South African-German-Israeli investor

Guy Spier (גיא ספייר; born February 4, 1966) is a Zurich-based Swiss-German-Israeli investor. He is the author of The Education of a Value Investor.

==Education and early life==
Spier was born in 1966 in Pietermaritzburg, South Africa. When he was three months old, his family moved to Tel Aviv, Israel, where he attended kindergarten. In 1970, his family moved to Iran, where he attended the British Embassy School in Tehran. In 1977, his family moved again to Richmond in the UK, and he attended the City of London Freemen's School, in Ashtead, Surrey, as a weekly boarder. In 1984, he matriculated to study law at Brasenose College, Oxford. Two years later, in 1986, he switched to study PPE (Politics, Philosophy and Economics).

==Career==
From 1988 to 1990, Spier was an associate at Braxton Associates, the strategy consulting firm which was later sold to Deloitte Consulting. Upon leaving investment banking, Spier founded the Aquamarine Fund.

In 2003, along with David Einhorn, Bill Ackman, and Whitney Tilson, Spier became the target of investigations by Eliot Spitzer, then the New York Attorney General, as well as by the U.S. Securities and Exchange Commission regarding short sales of Farmer Mac, MBIA, and Allied Capital.
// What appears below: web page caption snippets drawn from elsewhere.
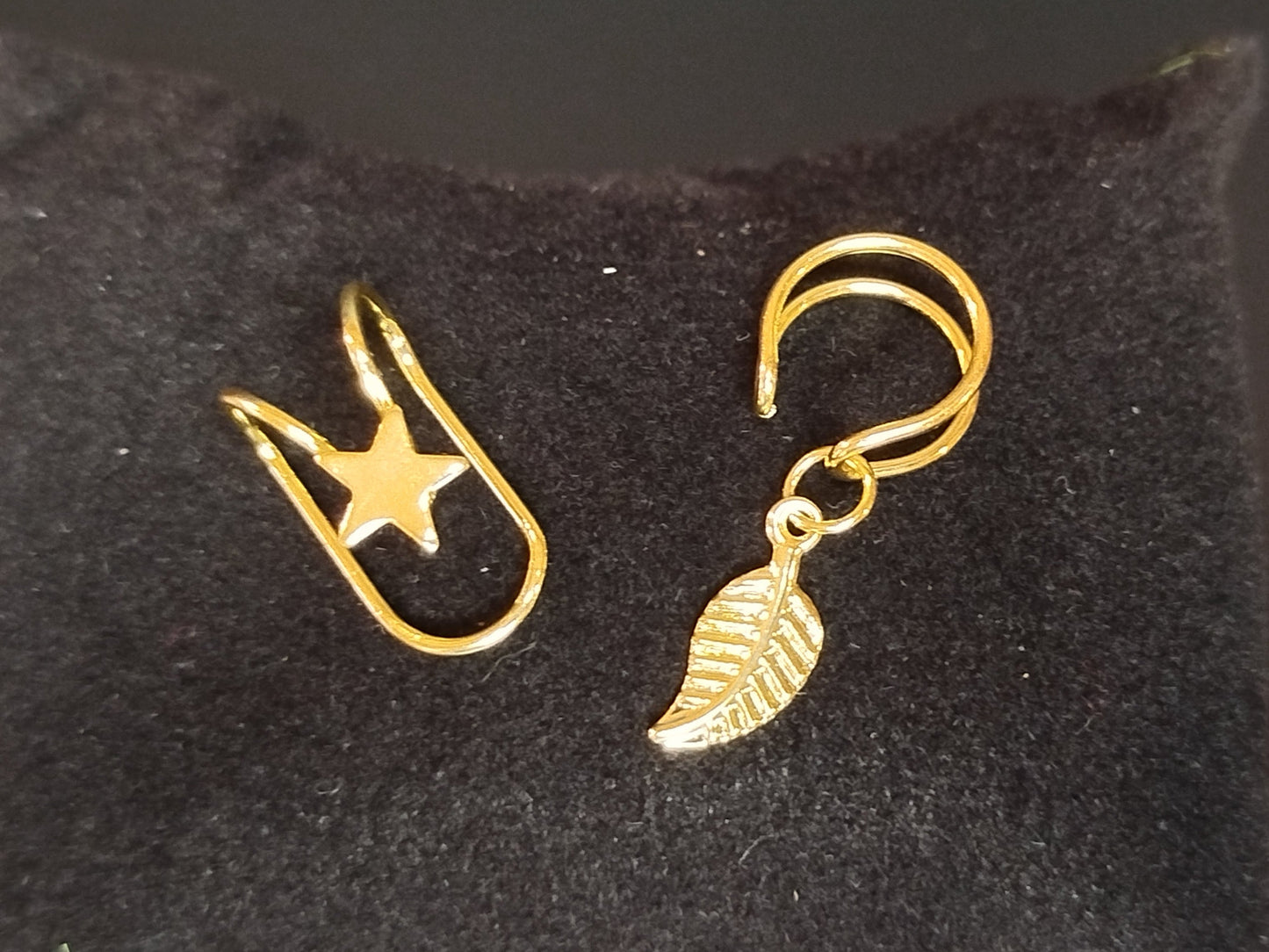 Gold earrings on a black velvet stand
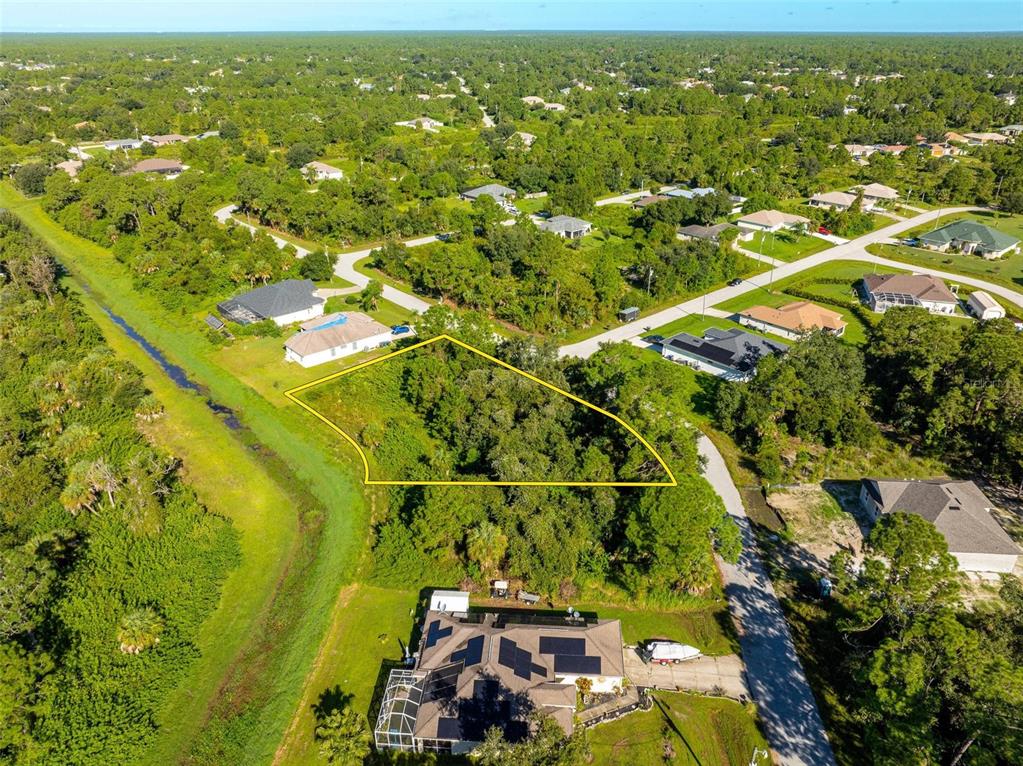 6465 Ohio Rd Port North Port, FL 34291 - Photo 17 of 34 an aerial view of residential houses with outdoor space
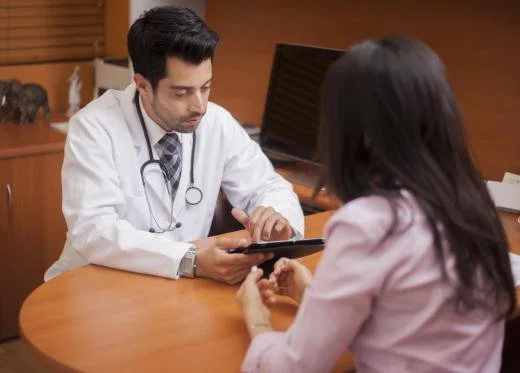 Doctor consulting with a patient in an office setting.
The meltdown of these companies during the 2008 financial crisis vindicated their short thesis.

In 2016, Spier, along with Phil Town and Matthew Peterson, successfully petitioned Judge Sontchi at the Delaware Court of Bankruptcy to form an official committee of equity holders of Horsehead Holding Corporation which had filed for bankruptcy earlier that year.